**YOUR OBJECTIVE:** Leave the images out, and copy each of the records below exactly.

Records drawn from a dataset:
━━━━━━━━━━━━━━━━

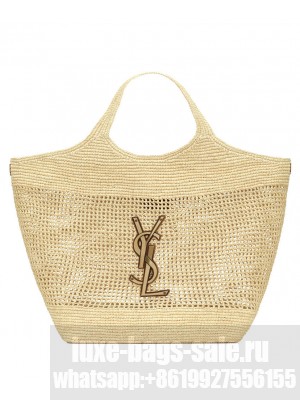 Saint Laurent Icare In Raffia Apricot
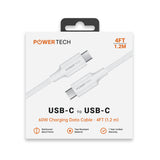 Powertech USB-C To USB-C 4' Cable - White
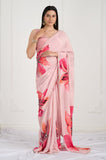 Pink Floral Printed Crepe Handwork Saree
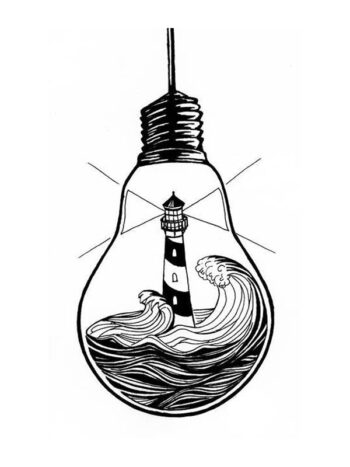 Tattoo-Forest: Tatouage Temporaire Phare Ampoule Vagues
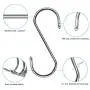 18 Pack S Shaped Hooks, Heavy Duty Stainless Steel S Hooks, Hangers Hanging Hooks for Hanging Pots and Pans,Towels,Clothes,Plants in Home Kitchen Bathroom Bedroom Garden, (2.8'',3.5'',4.3'',Each 6 Pack)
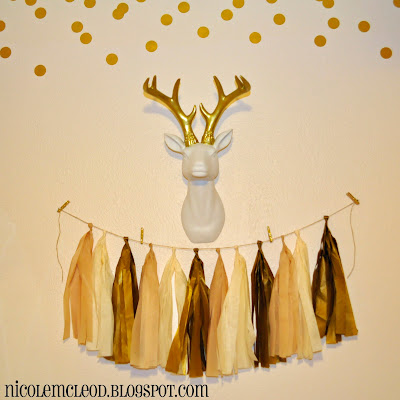 blush pink and gold baby girl nursery baby deer spotted fawn bambi chic sweet soft light pink deer bust metallic gold confetti wall decal banner custom name white changing table fabric decal gallery wall art print antlers wood wooden bust tissue tassel garland antique mood board design crib sheets bedding changing pad cover boppy pillow case figurines
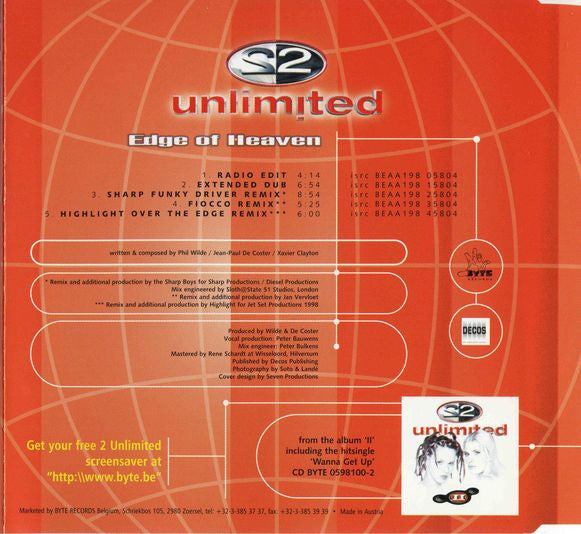 2 Unlimited : Edge Of Heaven (CD, Maxi)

━━━━━━━━━━━━━━━━

**ANSWER AREA:**
 Saint Laurent Icare In Raffia Apricot
 Powertech USB-C To USB-C 4' Cable - White
 Pink Floral Printed Crepe Handwork Saree
 Tattoo-Forest: Tatouage Temporaire Phare Ampoule Vagues
 18 Pack S Shaped Hooks, Heavy Duty Stainless Steel S Hooks, Hangers Hanging Hooks for Hanging Pots and Pans,Towels,Clothes,Plants in Home Kitchen Bathroom Bedroom Garden, (2.8'',3.5'',4.3'',Each 6 Pack)
 blush pink and gold baby girl nursery baby deer spotted fawn bambi chic sweet soft light pink deer bust metallic gold confetti wall decal banner custom name white changing table fabric decal gallery wall art print antlers wood wooden bust tissue tassel garland antique mood board design crib sheets bedding changing pad cover boppy pillow case figurines
 2 Unlimited : Edge Of Heaven (CD, Maxi)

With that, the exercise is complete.